Tú dices que en ese instante no había amanecido aún del todo. Tu abuela primero tropezó con él y luego se puso a pegar gritos, perdiendo acto seguido el conocimiento. En aquella época, ella estaba en estado de tu padre. Fue tu abuelo quien arrastró el cuerpo dentro de casa. Él dijo que tu bisabuelo había caído en una emboscada, que había sido alcanzado por la espalda, por un cartucho lleno de limaduras de hierro para la caza del jabalí. Tu abuelo dijo también que, poco tiempo después de su muerte, el fuego prendió en la montaña y que el incendio arrasó el bosque por espacio de diez días seguidos. Imposible extinguir semejantes llamas. Su luz iluminaba el cielo, transformando el monte Huri en un verdadero volcán. Tu abuelo dijo que tu bisabuelo fue abatido en el momento en que se declaró el incendio. Más tarde, afirmó sin embargo que la muerte de tu bisabuelo no tenía ninguna relación con el niño rojo, que había caído en la emboscada de un enemigo personal. Hasta su muerte, tu abuelo quiso dar con el asesino de su padre, pero cuando tu padre te contó esta historia se limitó a dejar escapar un suspiro sin decir nada más.

Ella dice que él también le declaró que la amaba, pero ella le dijo: «¡Eso no es cierto!». Afirmaba haber pensado realmente en ella, pero era demasiado tarde. Él preguntó por qué. ¡Vaya una pregunta! El preguntó por qué no iba a poder besarla ni una sola vez. Ella dijo que podía acostarse con cualquier hombre, excepto con él. «¡Largo! -exclamó ella-, nunca podrás comprenderlo.» Ella le odiaba, no quería verle más. Le rechazó con todas sus fuerzas.

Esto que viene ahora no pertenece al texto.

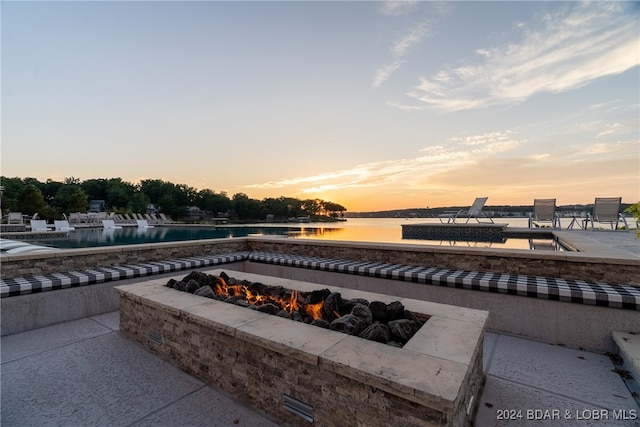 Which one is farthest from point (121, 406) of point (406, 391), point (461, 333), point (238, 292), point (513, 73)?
point (513, 73)

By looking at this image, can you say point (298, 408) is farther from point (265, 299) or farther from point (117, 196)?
point (117, 196)

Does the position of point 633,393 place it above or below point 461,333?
below

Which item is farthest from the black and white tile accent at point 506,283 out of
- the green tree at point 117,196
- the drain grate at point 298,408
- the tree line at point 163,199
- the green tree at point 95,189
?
the green tree at point 95,189

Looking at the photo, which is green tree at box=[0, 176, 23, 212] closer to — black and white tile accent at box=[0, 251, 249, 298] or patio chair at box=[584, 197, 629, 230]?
black and white tile accent at box=[0, 251, 249, 298]

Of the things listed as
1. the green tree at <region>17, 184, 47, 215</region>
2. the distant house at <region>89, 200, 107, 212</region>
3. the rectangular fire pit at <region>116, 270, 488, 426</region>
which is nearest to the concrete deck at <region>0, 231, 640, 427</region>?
the rectangular fire pit at <region>116, 270, 488, 426</region>

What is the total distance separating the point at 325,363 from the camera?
1.63 m

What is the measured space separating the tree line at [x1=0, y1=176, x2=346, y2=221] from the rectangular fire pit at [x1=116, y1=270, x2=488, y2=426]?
6149cm

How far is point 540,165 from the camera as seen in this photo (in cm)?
1423

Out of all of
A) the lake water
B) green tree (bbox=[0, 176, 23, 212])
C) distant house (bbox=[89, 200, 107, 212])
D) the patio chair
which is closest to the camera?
the lake water

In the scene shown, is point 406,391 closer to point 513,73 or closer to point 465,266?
point 465,266

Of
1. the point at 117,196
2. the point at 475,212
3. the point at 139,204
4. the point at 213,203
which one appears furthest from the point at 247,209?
the point at 475,212

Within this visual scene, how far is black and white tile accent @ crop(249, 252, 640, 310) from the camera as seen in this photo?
298cm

Tú dices que no es cierto que sea enfermera, que no ha hecho más que contarte mentiras a lo largo de todo el camino, que no se refería a ninguna amiga, sino que hablaba de sí misma, de su propia experiencia. Ella te replica que tampoco tú hablas de tus propios bisabuelos, abuelo, padre y de ti mismo, que inventas historias para infundirle miedo. Le dices que la avisaste de que se trataba de un cuento para niños, pero ella responde que no es una niña, que ya no se dedica a escuchar este tipo de cuentos, que lo único que desea es vivir realmente, que no cree ya en el amor, que está ya cansada, que los hombres son todos unos lúbricos. «¿Y las mujeres?», preguntas. Son también viles, dice ella, ya lo ha visto todo, no tiene ya ilusión por la vida, no quiere sufrir tanto, no aspira más que a un simple instante de felicidad. Te pregunta si la deseas aún.

¿Aquí, sobre esta tierra empapada?

Es más excitante, ¿o no?

Tú dices que es un ser verdaderamente abyecto. ¿No es eso precisamente lo que les gusta a los hombres?, pregunta ella. Es simple, fácil, y además es excitante, y cuando se acabó, se acabó. ¿Con cuántos hombres te has acostado?, le preguntas. Más de cien, por lo menos. No la crees.